§ WHAT IS EXPECTED: Please set down only the lines running from the one with "Mercedes-Benz GLA 250" through the last line of the entries, exactly as written and without any pictures.

Image-caption web data:
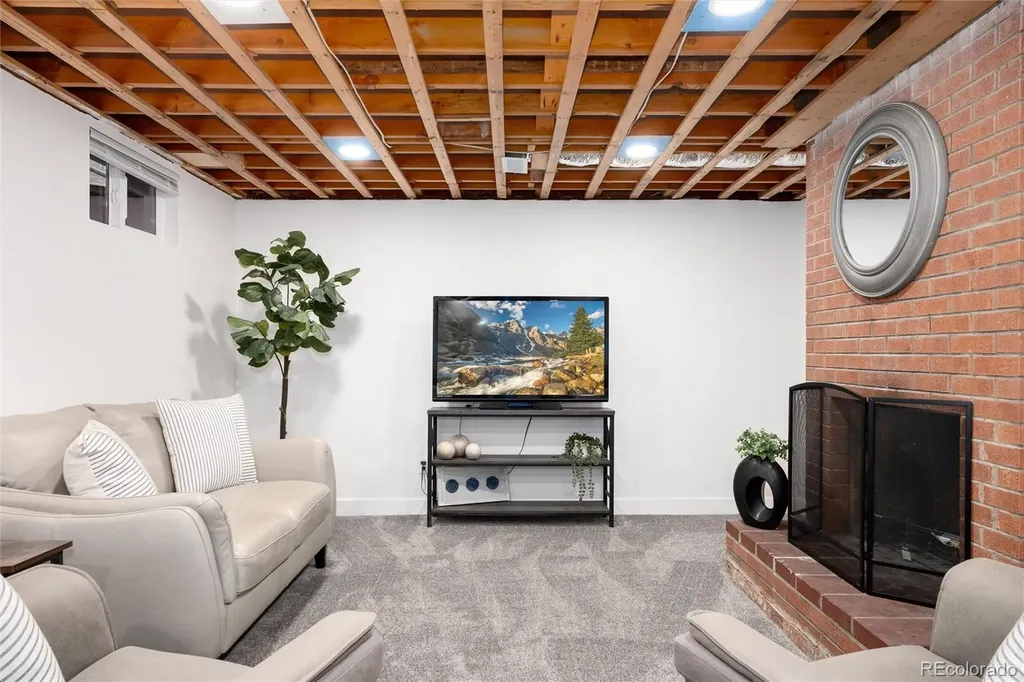402 Ursula Street Aurora CO 80011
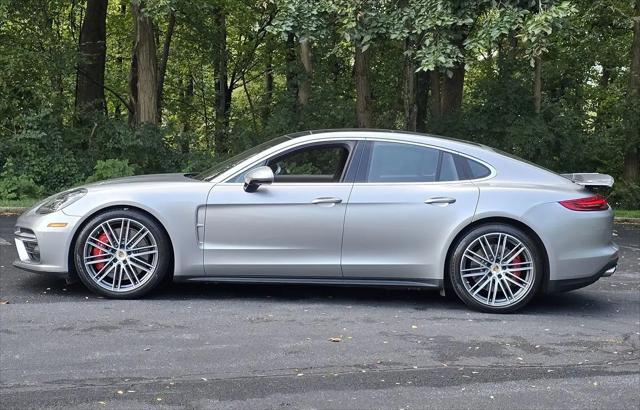 2018 Porsche Panamera Turbo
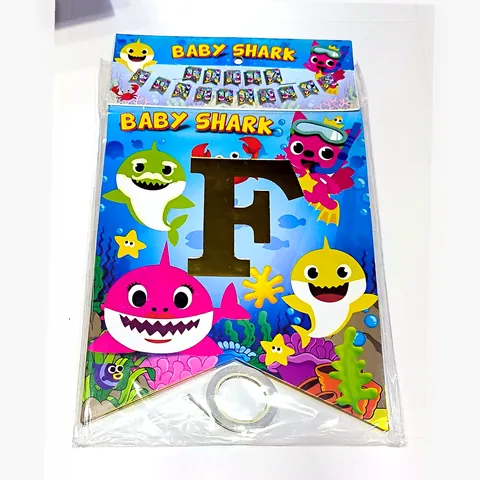 Banderín Feliz Cumpleaños Baby Shark, en su empaque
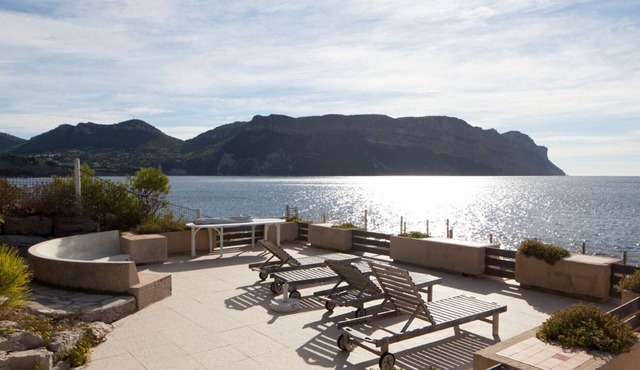 Exceptional waterfront villa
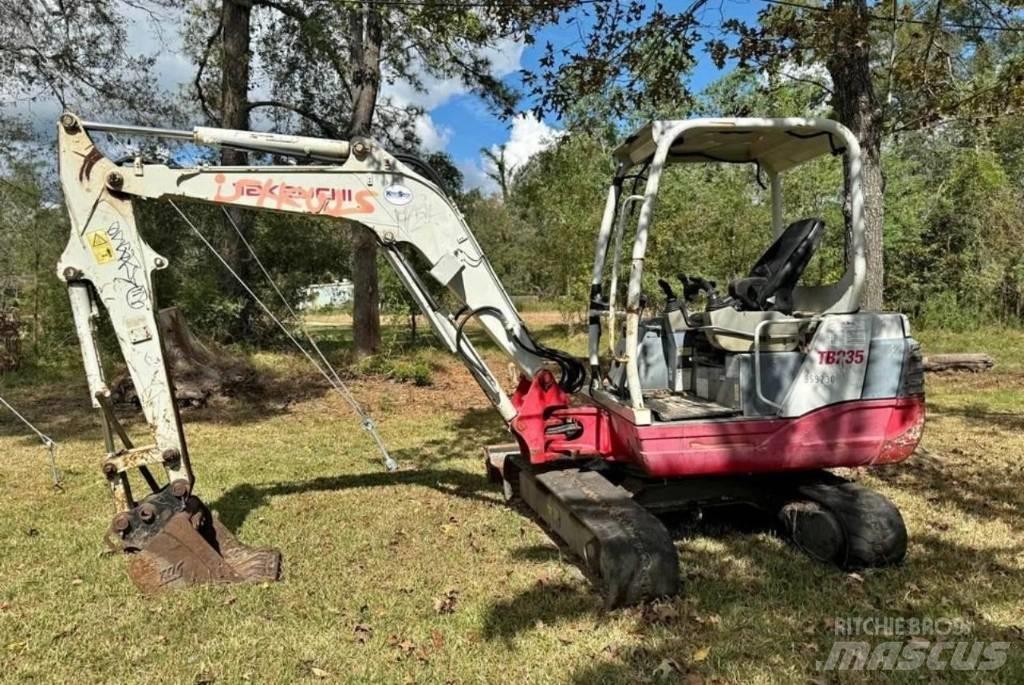 TAKEUCHI TB235 Gravemaskiner på larvebånd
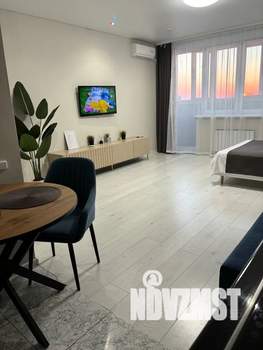 Студия квартира, посуточно, 40м2, 23/25 этаж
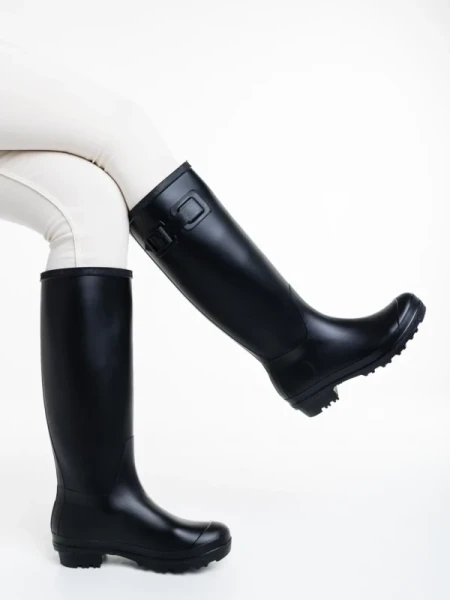 Celinda fekete női csizma, gumiból készült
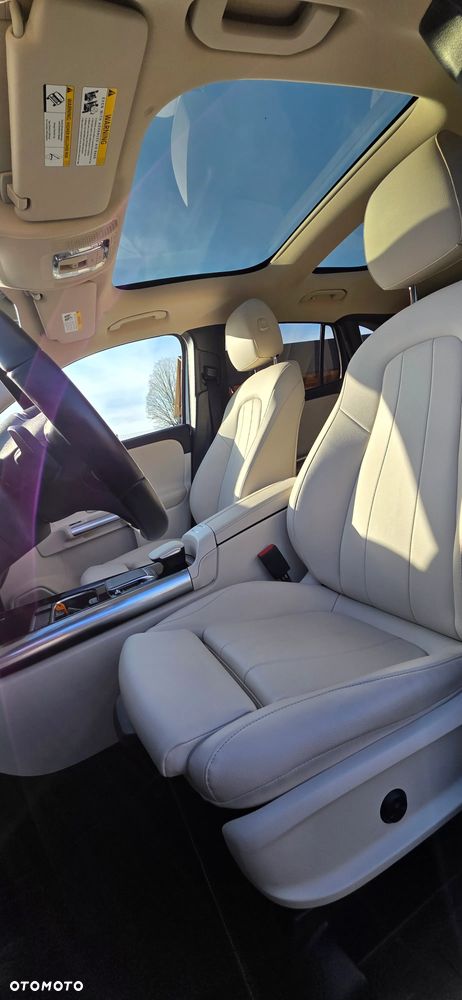 Mercedes-Benz GLA 250 4Matic 8G-DCT Progressive - 25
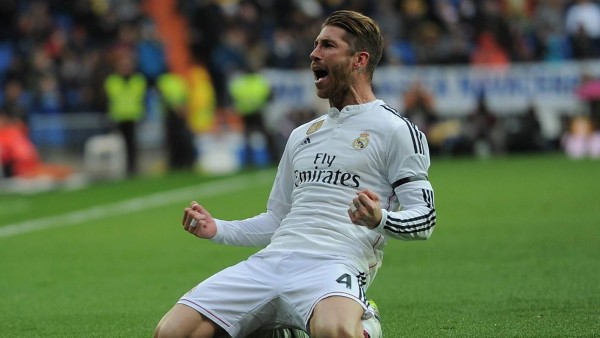 Su sobriedad en la zaga también le hace indiscutible en la selección española, con la que debutó con tan sólo 19 años.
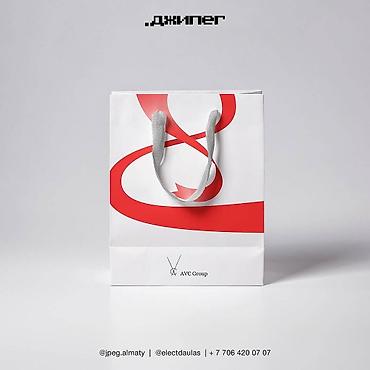 Графические дизайнеры: Графический дизайнер — 3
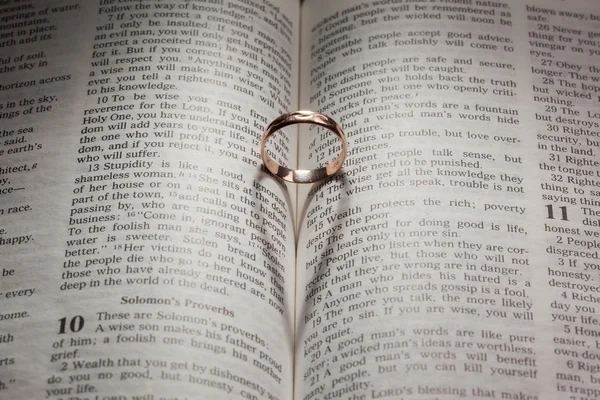 Γαμήλιο δαχτυλίδι πάνω από ένα βιβλίο — Φωτογραφία Αρχείου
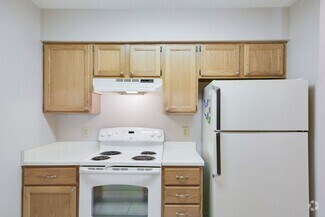 Building Photo - Charming 2 Bedroom 2 Bath Townhouse in Dur...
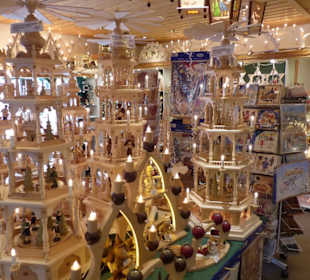 Wh33- Weihnachtshaus Pyramiden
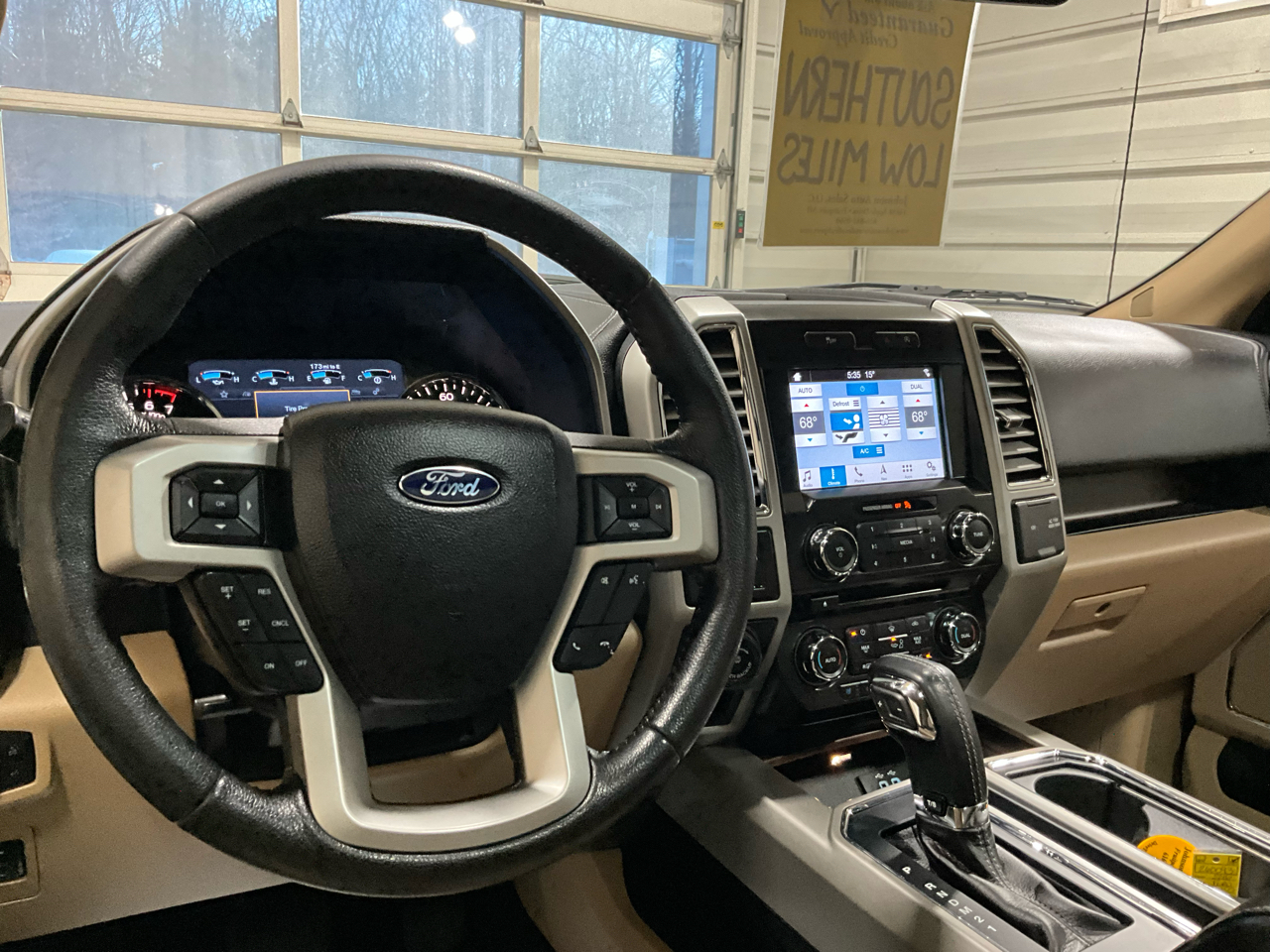 Ford F-150 2WD SuperCrew 157" Lariat 2016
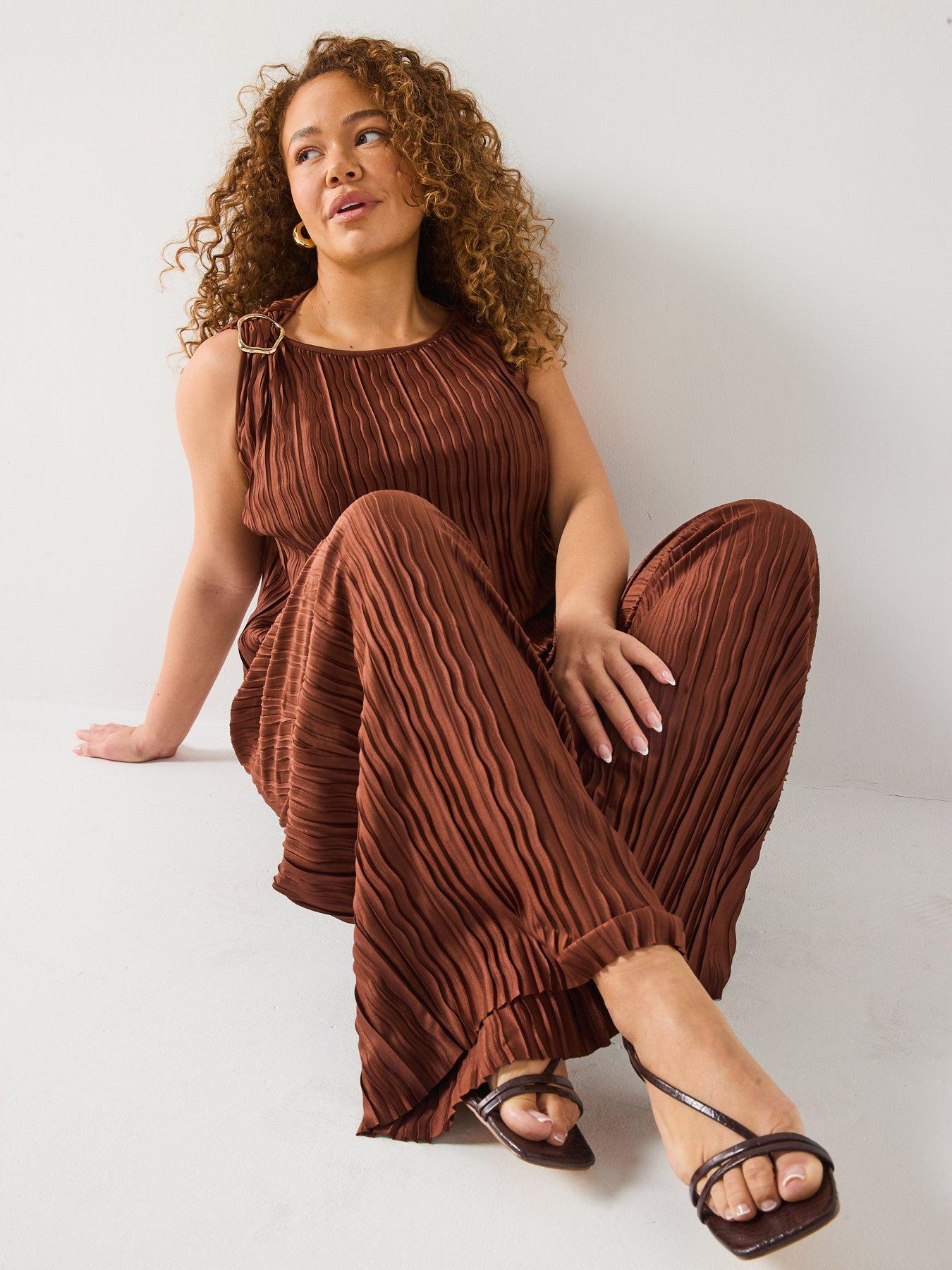  image of v-by-very-curve-gold-trim-plisse-sleeveless-top-co-ord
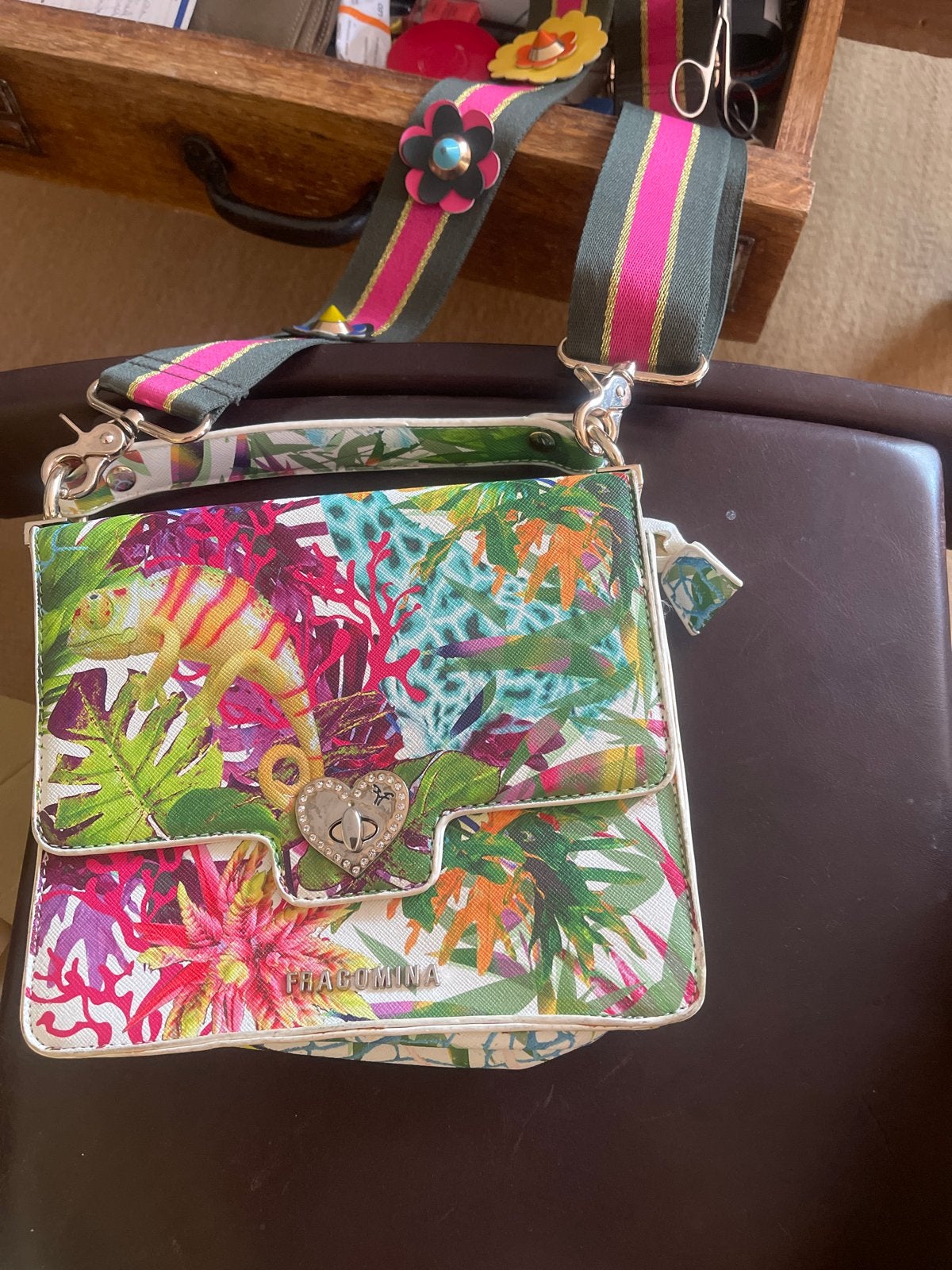 Fragomina schoudertasje met tropische print, Sieraden, Tassen en Uiterlijk, Ophalen of Verzenden, Zo goed als nieuw, Overige kleuren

§ ANSWER BELOW:
 Mercedes-Benz GLA 250 4Matic 8G-DCT Progressive - 25
 Su sobriedad en la zaga también le hace indiscutible en la selección española, con la que debutó con tan sólo 19 años.
 Графические дизайнеры: Графический дизайнер — 3
 Γαμήλιο δαχτυλίδι πάνω από ένα βιβλίο — Φωτογραφία Αρχείου
 Building Photo - Charming 2 Bedroom 2 Bath Townhouse in Dur...
 Wh33- Weihnachtshaus Pyramiden
 Ford F-150 2WD SuperCrew 157" Lariat 2016
  image of v-by-very-curve-gold-trim-plisse-sleeveless-top-co-ord
 Fragomina schoudertasje met tropische print, Sieraden, Tassen en Uiterlijk, Ophalen of Verzenden, Zo goed als nieuw, Overige kleuren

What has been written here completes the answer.